Text output from ATSC's "Multiple String Structure" decoder should properly render in web browsers, specifically Unicode characters >= 0x80.
---

diff --git a/src/input/mpegts/dvb_support.c b/src/input/mpegts/dvb_support.c
index e1718c120..2656c700a 100644
--- a/src/input/mpegts/dvb_support.c
+++ b/src/input/mpegts/dvb_support.c
@@ -421,15 +421,26 @@ atsc_utf16_to_utf8(const uint8_t *src, int len, char *buf, int buflen)
   *buf = 0;
 }
 
+/* Decode and convert ATSC Multiple String Structures to UTF-8.
+ * 
+ * refer to "ATSC Standard: Program and System Information Protocol for Terrestrial Broadcast and Cable"
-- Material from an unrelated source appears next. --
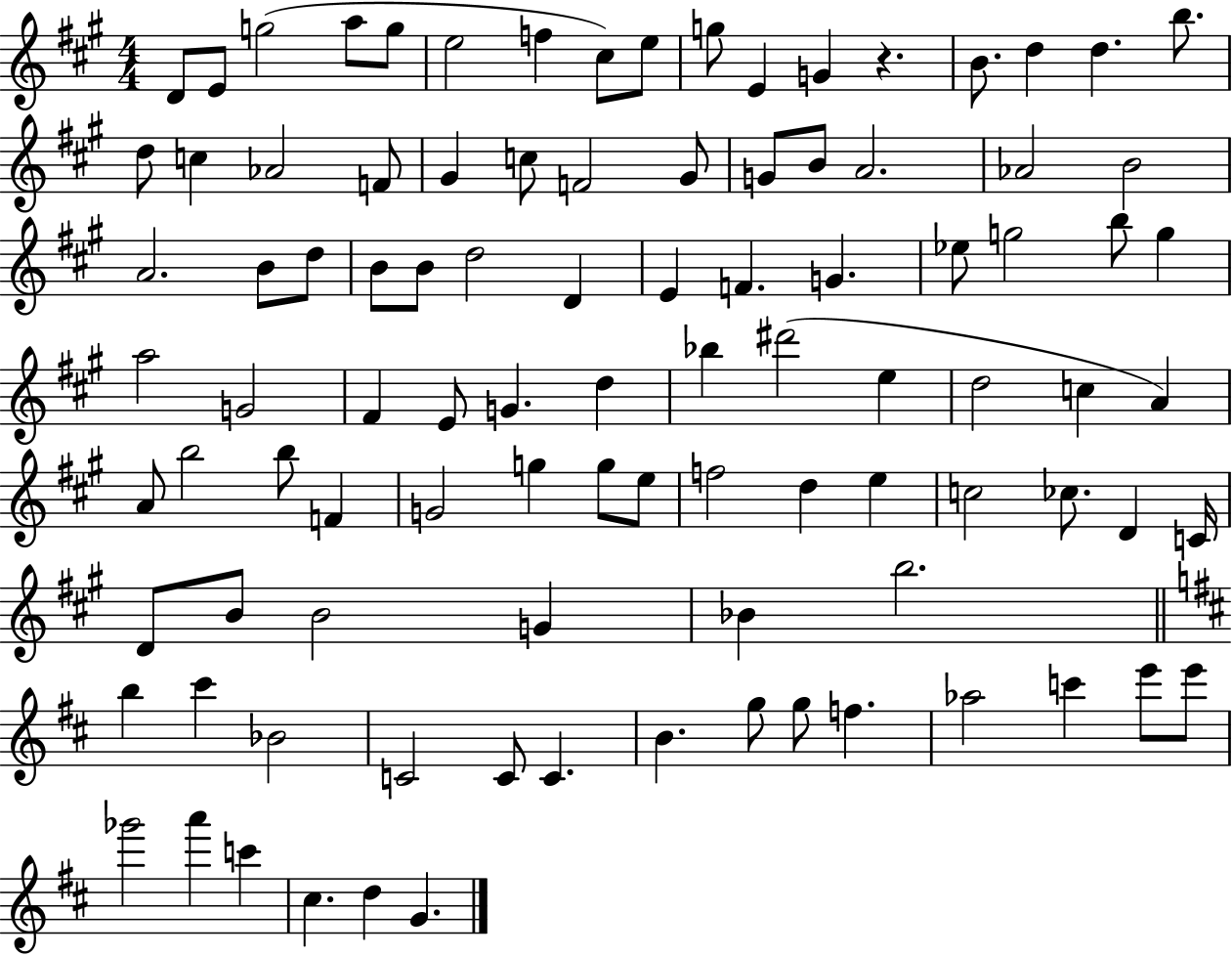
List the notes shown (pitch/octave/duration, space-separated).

D4/e E4/e G5/h A5/e G5/e E5/h F5/q C#5/e E5/e G5/e E4/q G4/q R/q. B4/e. D5/q D5/q. B5/e. D5/e C5/q Ab4/h F4/e G#4/q C5/e F4/h G#4/e G4/e B4/e A4/h. Ab4/h B4/h A4/h. B4/e D5/e B4/e B4/e D5/h D4/q E4/q F4/q. G4/q. Eb5/e G5/h B5/e G5/q A5/h G4/h F#4/q E4/e G4/q. D5/q Bb5/q D#6/h E5/q D5/h C5/q A4/q A4/e B5/h B5/e F4/q G4/h G5/q G5/e E5/e F5/h D5/q E5/q C5/h CES5/e. D4/q C4/s D4/e B4/e B4/h G4/q Bb4/q B5/h. B5/q C#6/q Bb4/h C4/h C4/e C4/q. B4/q. G5/e G5/e F5/q. Ab5/h C6/q E6/e E6/e Gb6/h A6/q C6/q C#5/q. D5/q G4/q.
+ *          (Document A65/2013), Section 6.10, pages 79-82
+ */
+
 lang_str_t *
 atsc_get_string
   (const uint8_t *src, size_t srclen)
 {
+  const int bufferSize = 255*3+1; /* Max length of a text segment (255) *
+                                   * Max size of a UTF-8 for Unicode characters 0x0 .. 0x33FF (3) +
+                                   * NULL terminator (1) */
   lang_str_t *ls = NULL;
-  int i, j, stringcount, segmentcount;
+  int i, j, k, stringcount, segmentcount;
   int compressiontype, mode, bytecount;
   char langcode[4];
-  char buf[256];
+  char buf[bufferSize]; /* UTF-8 string */
+  int utf8size, remainingbufleft;
+  char *bufpointer;
 
   stringcount = src[0];
   tvhtrace(LS_MPEGTS, "atsc-str: %d strings", stringcount);
@@ -450,7 +461,9 @@ atsc_get_string
     src    += 4;
     srclen -= 4;
 
+    /* Step through the list of text segments, decoding each and append them all together. */
     for (j = 0; j < segmentcount && srclen >= 3; j++) {
+      /* Decode text segment header */
       compressiontype = src[0];
       mode            = src[1];
       bytecount       = src[2];
@@ -461,24 +474,70 @@ atsc_get_string
       if (bytecount > srclen)
         return ls;
 
-      if (mode == 0 && compressiontype == 0) {
+      /* Only supports compression type == 0 (none) and 
+       * text modes == 0x0 .. 0x6, 0x9 .. 0x10, 0x20 .. 0x27, 0x30 .. 0x33 */
+
+      if (compressiontype == 0 && (     /* No Compression and one of these: */
+           (mode >= 0x0 && mode <= 0x6) ||   /* Unicode range 0x0000 .. 0x06FF */
+           (mode >= 0x9 && mode <= 0x10) ||  /* Unicode range 0x0900 .. 0x10FF */
+           (mode >= 0x20 && mode <= 0x27) || /* Unicode range 0x2000 .. 0x27FF */
+           (mode >= 0x30 && mode <= 0x33)    /* Unicode range 0x3000 .. 0x33FF */
+         )) {
         tvhtrace(LS_MPEGTS, "atsc-str:    %d: comptype 0x%02x, mode 0x%02x, %d bytes: '%.*s'",
                  j, compressiontype, mode, bytecount, bytecount, src);
-        memcpy(buf, src, bytecount);
-        buf[bytecount] = '\0';
+
+        /* Convert each decoded Unicode character to UTF-8. */
+        for(k = 0, bufpointer = buf, remainingbufleft = bufferSize; k < bytecount; k++) {
+          /* Make sure there is enough buffer left for the next (or last) UTF-8 character
+           * [Max # bytes in a single UTF-8 character (3) + NULL terminator (1)] */
+          if(remainingbufleft > (3+1)) {
+            /* Construct the Unicode character and convert to UTF-8. */
+            utf8size = put_utf8(bufpointer, (mode << 8) | src[k]);
+            bufpointer += utf8size;
+            remainingbufleft -= utf8size;
+          } else {
+            /* We have run out of buffer space for this text segment, then stop and truncate.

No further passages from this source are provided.